The format of prepared data should be:
birdview: Birdview generated from LIDAR point cloud. Format: .npy file. [number of images, row of a image, col of a image, channels]
anchor_label: Anchor labels corresponding to birdview. Format: .npy file. [number of images, row of a image, col of a image, number of anchors]. The values in anchor_label are either be one or zero. Being ones means the anchor are postive and otherwise are negative or invalid.
anchor_label_mask: Mask for valid anchors of label. Format: .npy file. [number of images, row of a image, col of a image, number of anchors]. The values in anchor_label_mask are either be one or zero. Being one means the corresponding anchors of label are counted in training otherwise are not.

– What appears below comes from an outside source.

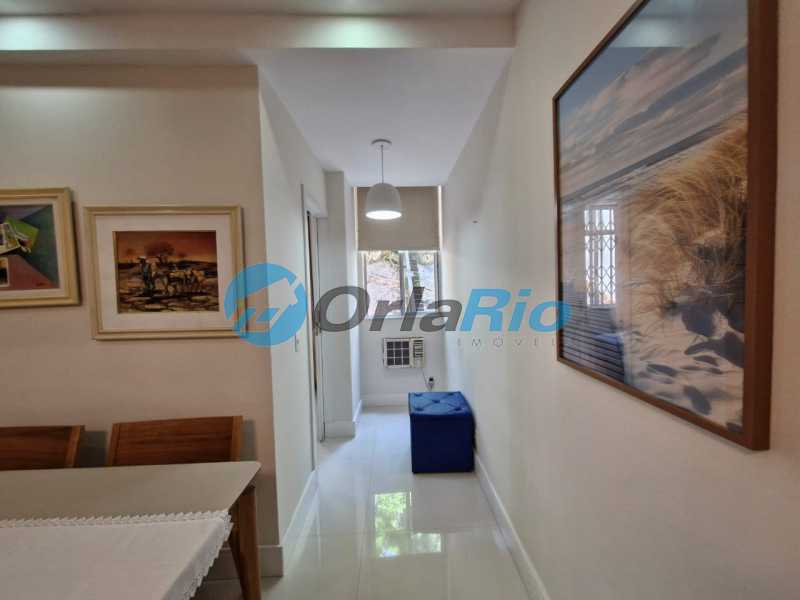 Conheça 26-sala do imóvel - Apartamento à venda Rua Gustavo Sampaio, Leme, Rio de Janeiro - R$ 930.000 - OLAP20599 - 31 26-sala - 31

anchor_reg: Anchor regression value corresponding to birdview. Format: .npy file. [number of images, row of a image, col of a image, number of anchors, number of regression values]. The values in anchor_reg are the regression values of each anchor.
anchor_reg_mask: Mask for valid anchors of regression. Format: .npy file. [number of images, row of a image, col of a image, number of anchors]. The values in anchor_reg_mask are either be one or zero. Being one means the corresponding anchors of rehression are counted in training otherwise are not
training_data: a list containing training data
training_data[0] = data_birdview
training_data[1] = data_frontview
training_data[2] = data_rgbview
training_data[3] = data_birdview_rois
training_data[4] = data_frontview_rois
training_data[5] = data_rgbview_rois
training_data[6] = data_birdview_box_ind
training_data[7] = data_frontview_box_ind
training_data[8] = data_rgbview_box_ind
training_data[9] = data_ROI_labels
training_data[10] = data_ROI_regs
training_data[11] = data_cls_mask
training_data[12] = data_reg_mask
Validation_data has same structure as training_data.
The format of prepared data should be:
data_birdview: Birdview generated from LIDAR point cloud. Format: .npy file. [number of images, row of a image, col of a image, channels]
data_frontview: Frontview generated from LIDAR point cloud. Format: .npy file. [number of images, row of a image, col of a image, channels]
data_rgbview: Rgbview generated from rgb image. Format: .npy file. [number of images, row of a image, col of a image, channels]
data_birdview_rois: Region coordinate for birdview region pooling. Format: .npy file. [number of images * 200 regions, 4 (y1, x1, y2, x2)]
data_frontview_rois: Region coordinate for frontview region pooling. Format: .npy file. [number of images * 200 regions, 4 (y1, x1, y2, x2)]
data_rgbview_rois: Region coordinate for rgbview region pooling. Format: .npy file. [number of images * 200 regions, 4 (y1, x1, y2, x2)]
data_birdview_box_ind: The value of data_birdview_box_ind[i] specifies the birdview that the i-th box refers to. Format: .npy file. [number of images * 200 regions]
data_frontview_box_ind: The value of data_birdview_box_ind[i] specifies the frontview that the i-th box refers to. Format: .npy file. [number of images * 200 regions]
data_rgbview_box_ind: The value of data_birdview_box_ind[i] specifies the rgbview that the i-th box refers to. Format: .npy file. [number of images * 200 regions]
data_ROI_labels: Region labels. Format: .npy file. [number of images, 200 regions]. The values in data_ROI_labels are either be one or zero. Being ones means the region are postive otherwise are negative or invalid.
[1] Chen, Xiaozhi, et al. "Multi-view 3d object detection network for autonomous driving." IEEE CVPR. Vol. 1. No. 2. 2017.